I'm sorry. I'm so very sorry.
The last four months have made me realize that you have suffered because I was busy. I was so busy and yet I have nothing to show for all of my busy-ness. I've figured out that I lost 6,570 hours of quality time with you because I was busy doing everything over the last two years. What a waste of time.
I'm sorry I rushed you through conversations, through meals, through school, through visits, through time together because there was a to-do list. I'm sorry that I let my mind wander when you talked to me. I didn't mean to, I just had so much going on that I couldn't focus.
I'm sorry I said yes to everybody else and everything else but so often said no to you. I didn't often actually verbalize "no." In all of my "doing," I said no to being with you. Instead, I just kind of checked out of your life because there was so much going on in mine. At least I thought there was.
I'm sorry that I begrudged the routine of our days together. Every chore, every task, even the fun things like reading bedtime stories, became just another item on my to-do list. Family is not a to-do. It's a "be."
I'm sorry for all the interruptions into our lives. The ringing phone, the beeping text messages, the important emails, all of it could have waited. All of it should have waited.
I'm sorry that I looked for excuses to run to the store just to get away from being here with you. It seemed boring, fruitless to do nothing. So I had to do something. There was always something we "needed" it seemed, so that was an easy excuse. I'm sorry I was always taking on projects so I wouldn't have to do something "fruitless" like play a game or go for a walk with you. I thought there were more important things to be done. There weren't.
I'm sorry that I got so burned out on being busy that I could barely function that week back in February, you know, the one before "the fall." The house was a mess. The laundry was backed up. My heart wasn't in anything. It should have been in you.

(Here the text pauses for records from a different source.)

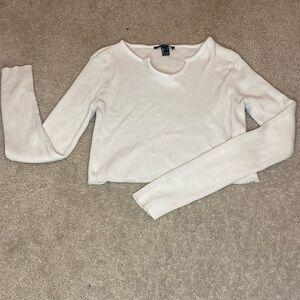 Large White Sweater Crop Top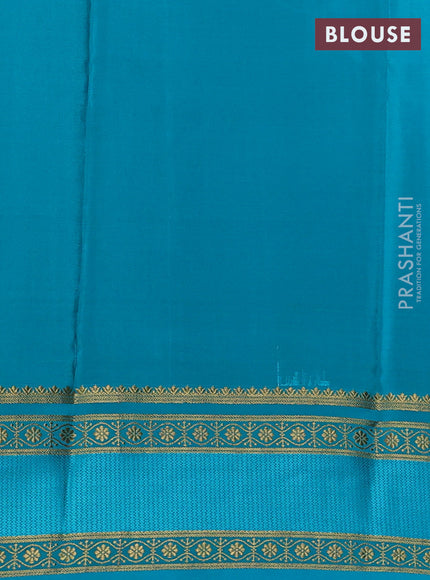 Pure mysore silk saree purple and teal blue with allover small zari checked pattern and rettapet zari woven border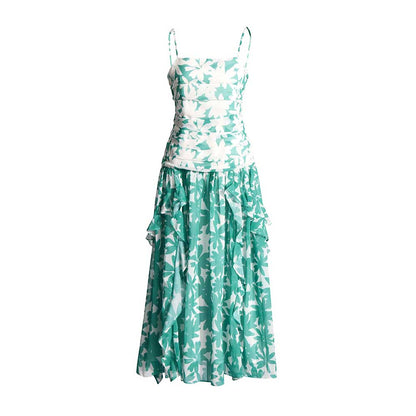 Green Printed Strapless Maxi Dress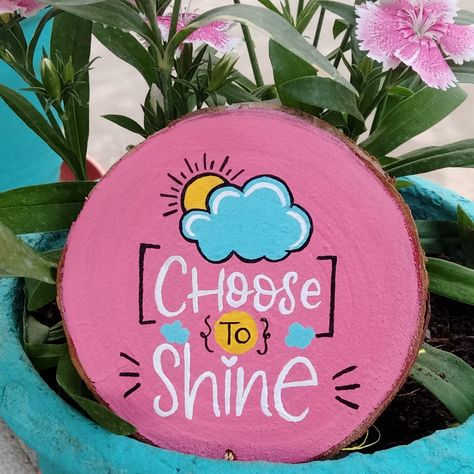 Fridge Magnets Ideas Creative Wood, Choose To Shine, Wall Art Diy Paint, Coaster Art, Diy Wall Art Decor, Easy Canvas Art, Art Decor Diy, Small Canvas Art, Book Art Diy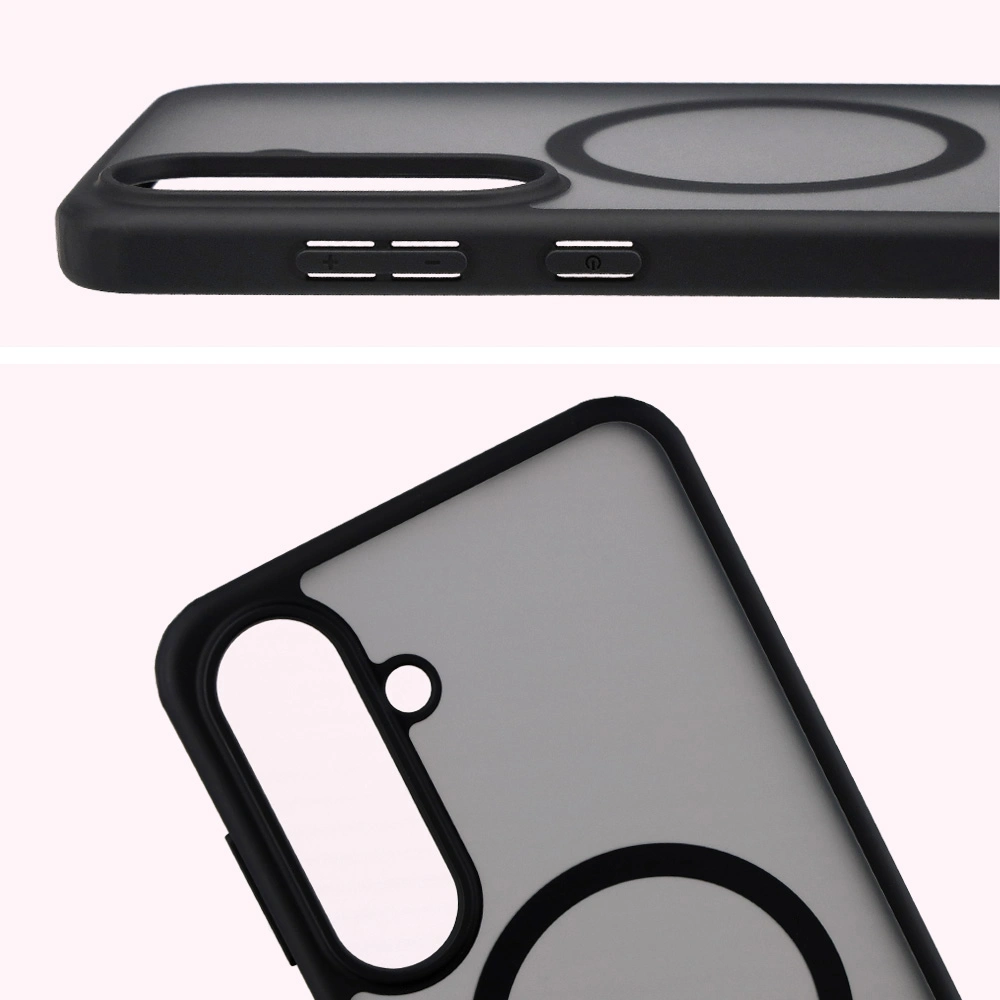 Pełne wycięcie i podwyższone krawędzie aparatu w etui Bizon Case MatteO do Samsung Galaxy S25 FE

I'm sorry I was so exhausted. I was running a marathon at a sprint. I used to joke and say, "Every second needs to count. Every minute needs to be productive." I wore myself out trying to be everything to everyone. I was too tired to be the wife, mom, sister, daughter I was meant to be.
I know I'm not perfect, but I'm changing. And I'm sorry.
It's like I've always told you, "True Sorrow Means Change." Hold me to it.